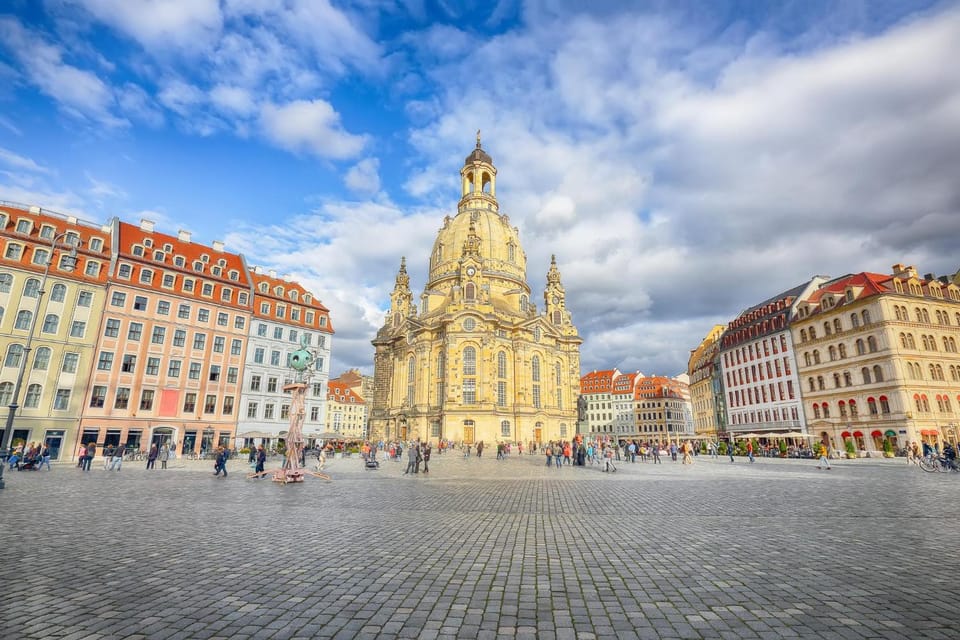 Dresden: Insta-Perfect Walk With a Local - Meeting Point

□ □ □ □ □ □ □

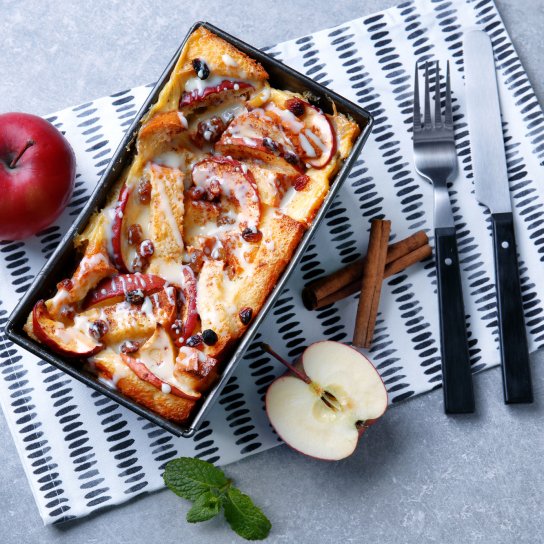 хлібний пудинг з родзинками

□ □ □ □ □ □ □

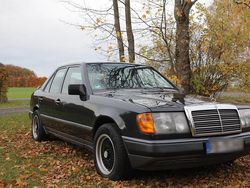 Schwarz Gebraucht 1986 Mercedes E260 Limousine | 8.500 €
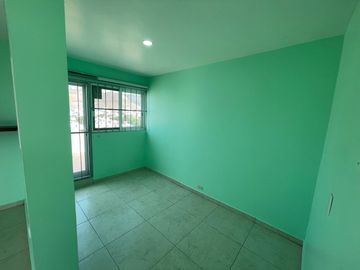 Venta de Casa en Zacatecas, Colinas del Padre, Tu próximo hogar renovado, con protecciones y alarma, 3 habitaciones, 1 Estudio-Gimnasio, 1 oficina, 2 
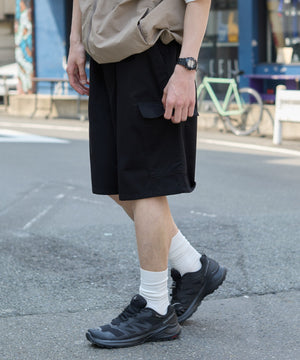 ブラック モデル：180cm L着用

□ □ □ □ □ □ □

Within the data above, repeat exactly the lines from the one bearing "Schwarz Gebraucht 1986" through the one bearing "ブラック モデル：180cm L着用". Include no pictures and nothing else.

 Schwarz Gebraucht 1986 Mercedes E260 Limousine | 8.500 €
 Venta de Casa en Zacatecas, Colinas del Padre, Tu próximo hogar renovado, con protecciones y alarma, 3 habitaciones, 1 Estudio-Gimnasio, 1 oficina, 2 
 ブラック モデル：180cm L着用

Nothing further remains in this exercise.